• YOUR INSTRUCTIONS:
Among the lines below, copy exactly those from the one with "Twittering Machines sur le Mola-Mola Kula 06" through the one with "5 bedrooms House", counting both ends.

• RECORDS FOR THIS TASK:
#####

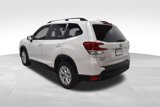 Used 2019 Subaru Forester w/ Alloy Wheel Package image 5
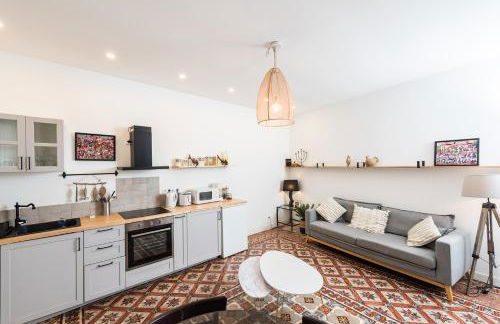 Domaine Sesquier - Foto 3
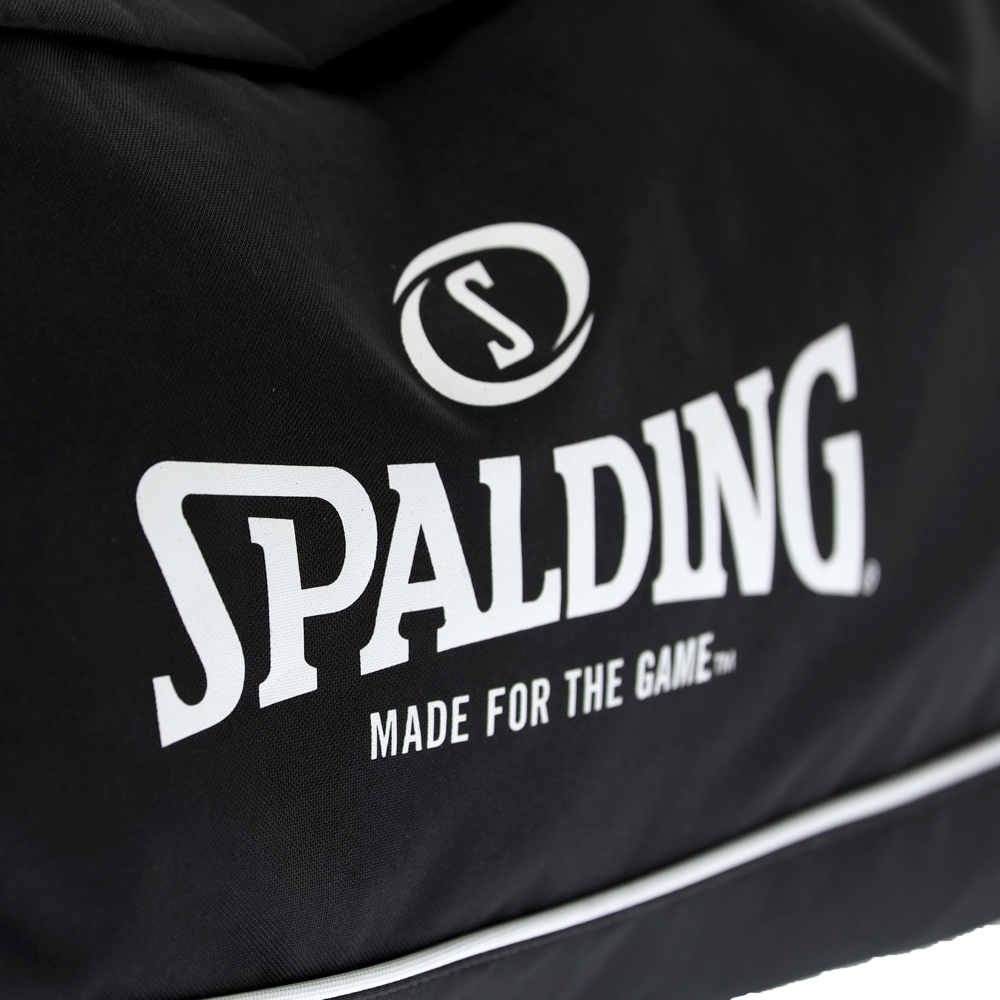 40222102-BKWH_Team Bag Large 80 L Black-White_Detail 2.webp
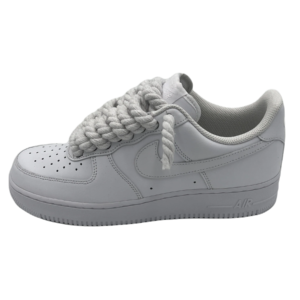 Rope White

#####

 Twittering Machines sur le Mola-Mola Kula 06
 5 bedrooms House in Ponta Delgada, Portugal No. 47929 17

#####

• ANSWER SPACE:
 Twittering Machines sur le Mola-Mola Kula 06
 5 bedrooms House in Ponta Delgada, Portugal No. 47929 17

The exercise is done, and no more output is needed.